Deploying AI for the methane challenge [Gas in Transition]

Artificial intelligence (AI) is revolutionising the energy industry’s ability to predict methane leakage.

It is a key frontier in the fight against climate change, as methane is 80 times more potent as a greenhouse gas than CO2. It also has a far shorter lifespan than CO2 in the atmosphere, meaning that action taken today will yield results faster.

The UN believes methane abatement is crucial to keep global temperature rises below 1.5 OC, as set out by international agreements. Its recent report on climate change stressed that methane should be the priority for emitters in the short term.

OGCI Climate Investments, the venture capital division of the Oil and Gas Climate Initiative (OGCI), is aware early-stage AI businesses can make a massive impact in this area. Last summer, OGCI wrote a series C cheque for Urbint, a leading predictive AI platform for infrastructure that deals with methane abatement. Urbint’s series C round landed $60mn of capital in all, from backers that also included National Grid Partners, Salesforce Ventures, American Electric Power, Energize Ventures, Energy Impact Partners and Blue Bear Capital.

The AI in Urbint's software automatically knows every subtype of surface infrastructure along the distribution grid. Using this information, the software can predict exactly where methane is likely to penetrate steel surface materials. This enables precautions and preventive rather than reactive maintenance to be undertaken, meaning that leaks can be avoided altogether, rather than fixed when they occur.

Speaking to NGW, Urbint’s vice president of product, David Preston, said the New York-based business had signed up 30 of North America’s major utilities and infrastructure companies as customers.

Preston compares the software to a “risk-based” prevention system, but using the benefits of AI to identify these risks more effectively. Not only can the technology be used to keep methane gases in the pipe where they’re supposed to be, but it can also be used for other infrastructure and excavation audits, such as keeping the pipeline temperatures or operational components in check.

The figures on methane abatement speak for themselves.
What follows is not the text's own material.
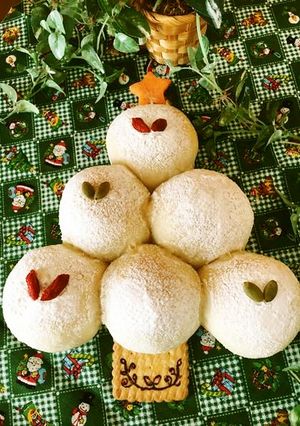 常温発酵★白パンでチョコ入りツリーパン-レシピのメイン写真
In 2020 alone, Urbint’s technology prevented methane emissions equivalent to more than 60,00 metric tons of CO2 equivalent.

Preston said: “The unique advantage of this approach is rather than focusing on mitigation of emissions after the fact, is that we're making it possible to get ahead of accidental emissions, so we can keep methane gas in the pipe in the first place."

 

Threat detection

Urbint was founded in 2015. It has been expanding the market for its infrastructure decision support software through M&A activity, including the acquisition of distribution system monitoring company Opvantaek. Opvantek’s product was already being used by several of North America’s largest gas grid companies, for tasks such as cyber protection, risk management, pipe evaluations and asset investment forecasts.

Infrastructure threat detection is big business in North America, and the market opportunity is about to get even larger. Recently, the US legislature approved a $1.2 trillion, bi-partisan funding package for rebuilding the nation’s core systems – from roads to gas pipelines to clean water facilities – over the next ten years. It’s part of president Joe Biden’s pledge to rebuild America’s “crumbling" framework, expected to result in 1.5mn new jobs every year.

“All this work will require a lot of digging, meaning damage prevention is going to be important,” said Urbint’s director of marketing and communications Michael Dolmatch. “It also means companies focus more on resilience, and more on infrastructure renewal."

“In the meantime, given the several years it will take to update the US grid, we still have to keep the lights on, and the heat on in all of the existing infrastructure that still has to operate. Companies like us will have a major impact, and it's a lot of fun from a business perspective, seeing some great momentum from these trends."

National Grid, a power and gas grid operator active in the UK and the US, has been an Urbint shareholder since 2017. That strategic window gave National Grid access to Urbint's technology early in the game, and Urbint software is now helping to prevent damage to its underground pipelines in the northeastern US. The outcome must have been favourable, as National Grid has since recalled Urbint to its London headquarters, this time to explore how its worker safety AI software could be used to protect the Grid’s infrastructure personnel.

Preston admitted the initial contract was a massive undertaking, but it paid off.  He said: "In terms of getting set up with National Grid, there were certainly complexities, given the fact they operate across multiple jurisdictions across gas and electric."

"But our approach is to align data from [various infrastructure operators] into a standard Urbint data model, so we can best utilise and build AI models at scale, incorporating prior knowledge of both industry and cross-industry incidents.

“Our damage prevention applications helped National Grid reduce the damages on their system by 37%. That's a significant result in terms of underlying methane reduction, as well as underlying public safety and asset safety."

This year Urbint is scaling rapidly with the rollout of its worker safety AI software, its second product on the market. And it is still looking to win new deployments for its grid damage auditing tools. For Preston, having two products on the market represents a “critical milestone”, in terms of the startup’s growth trajectory.

Preston concluded: “Urbint’s growing in alignment with our anticipated revenue plans for 2022. We’ll take similar principles for damage reduction and methane reduction to help identify high-risk complex work that has a higher likelihood of causing an individual performing work on an asset to have an injury, and helping companies focus their investment and planning and controls to mitigate those incidents.

“That has been released earlier this year, and is probably a critical milestone as we’ve got two core applications or products in the marketplace.”